Bursa Barosu: Laiklik ilkesine sahip çıkmaya devam ediyoruz
Bursa Barosu: Laiklik ilkesine sahip çıkmaya devam ediyoruz
Lâiklik ilkesinin Türkiye Cumhuriyeti Anayasası'na girişinin 87. yıldönümü nedeniyle açıklamada bulunan Bursa Barosu Başkanlığı, tüm devlet erklerinin, siyasal, sosyal kurumların laiklik ilkesine sahip çıkmasını talep etti.

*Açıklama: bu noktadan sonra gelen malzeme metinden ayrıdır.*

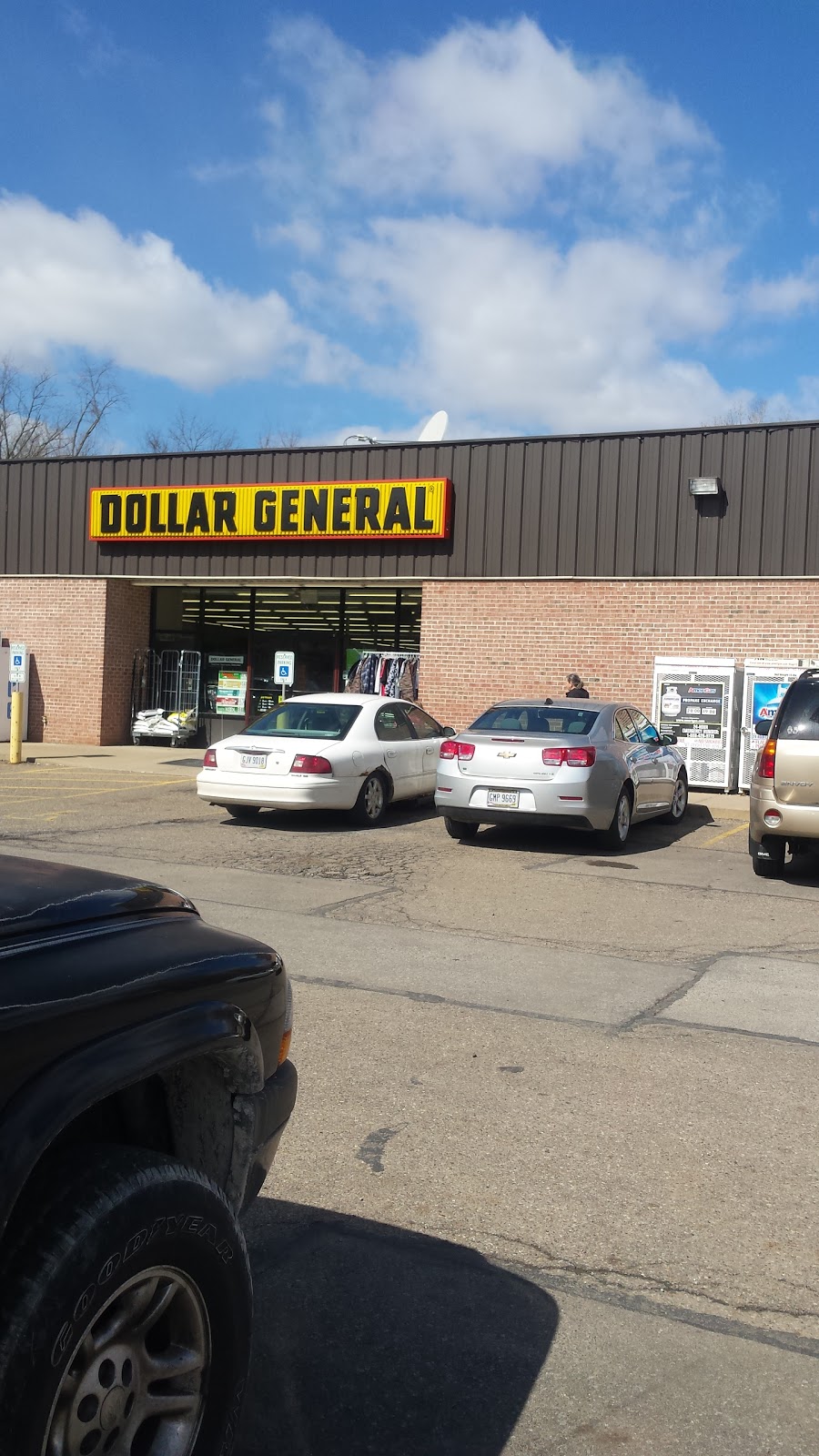 Dollar General | 316 Bank St, Lodi, OH 44254, USA | Phone: (330) 591-2416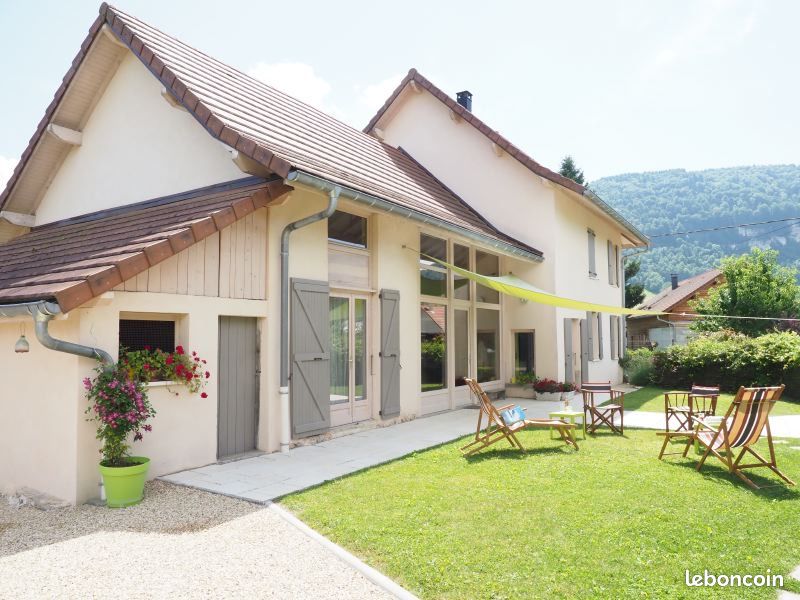 Maison 6 pièces 158 m² · à Saint-Béron · 158 m² · 432 000 €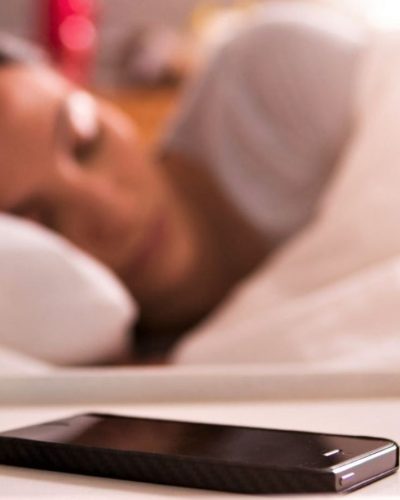 спать с телефоном под подушкой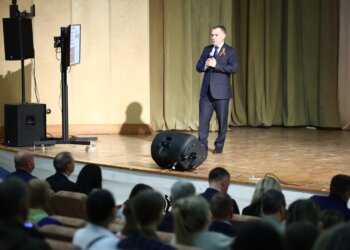 «Только в открытом диалоге можно добиться перемен»: Максим Кудрявцев провел встречи с жителями Калининского и Дзержинского районов
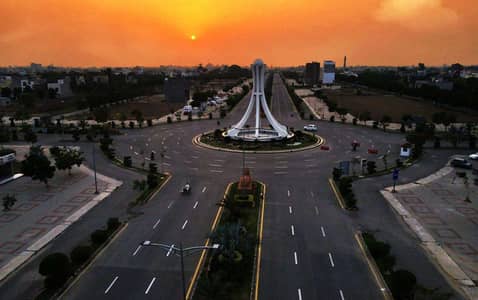 5 MARLA ON GROUND PLOT WALKING DISTANCE FROM BAHRIA TOWN WITH ALL DUES PAID AVAILABLE FOR SALE IN NEW LAHORE CITY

Haber Giriş Tarihi: 05.02.2024 16:49
Haber Güncellenme Tarihi: 05.02.2024 17:37
Kaynak:
Haber Merkezi
https://www.bursaport.com
Bursa Barosu Başkanlığı, lâiklik ilkesinin Türkiye Cumhuriyeti Anayasası'na girişinin 87. yıldönümü nedeniyle yazılı basın açıklamasında bulundu.
Açıklamanın tamamı şöyle:
"Kurtuluş savaşı sonrasında milletimizi demokrasi, hukuk devleti, temel hak ve özgürlükler gibi evrensel değerlerle buluşturan Gazi Mustafa Kemal Atatürk önderliğinde kurulan Cumhuriyetimiz, köklü değişim ve devrim sürecinin temeline, evrensel değerlerin en önemli ilkelerinden olan lâiklik ilkesini yerleştirmiştir.
Laiklik geniş manada din ve devlet işlerinin ayrılması ile din ve vicdan özgürlüğünün teminatı olarak tarif edilmekle beraber, lâikliğin ana ögesi egemenliğin millete ait olmasıdır. Milli egemenlik kavramına ilk olarak Amasya Genelgesi'nde yer verilmiş daha sonra 1921 Anayasası'nda, “egemenliğin kayıtsız koşulsuz milletin olduğu” kanunlaştırılmıştır. Halen bu hüküm Anayasamızın başlangıç ilkeleri arasında yer alan değişmez ve değiştirilmesi teklif edilemez hükümler arasındadır.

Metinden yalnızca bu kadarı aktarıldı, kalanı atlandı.